On November 16th at Reed College’s Vollum Center two of these activists–Dulce Guerrero and Luis Leon–addressed a crowd of over 50 people. The actions in which they have been involved stand in stark contrast with the lack of legislative progress in Washington, DC. Both bills that have come out of the House of Representatives and the Senate are focused more on punishing immigrants and expanding barriers to entry and border patrols. Currently it is impossible to imagine the possibility of successfully passing any legislation that includes a path to citizenship,much less something that takes into account the forces–such as so-called trade agreements–that push people to migrate to the US.

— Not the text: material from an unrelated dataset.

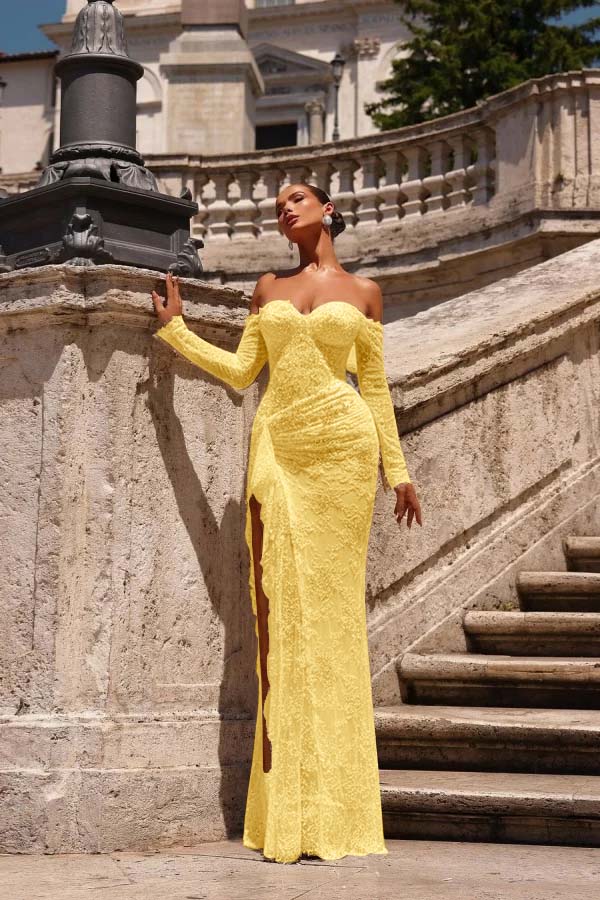 Off the Shoulder Long Sleeves Long Mermaid Prom Dress With Lace Appliques BMBRIDE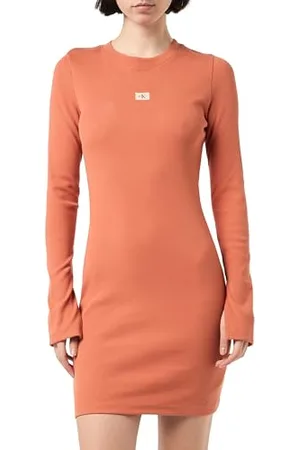 Calvin Klein Jeans Damska tkana sukienka z żeberkami J20J225112 Bodycon Dress, brązowa (Aragon), S, , S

Guerrero, who was born in Mexico and came to the US with her family when she was two, talked about growing up in Georgia always aware that she and her parents were without documentation. While they had come here in search of a better life, Guerrero remembered too many instances of her parents’ fear and stress. On some occasions when driving, her father would suddenly start looking for a gas station, and her mom would start crying. A police officer was behind them, and her father did not have a driver’s license, a violation that could get him deported.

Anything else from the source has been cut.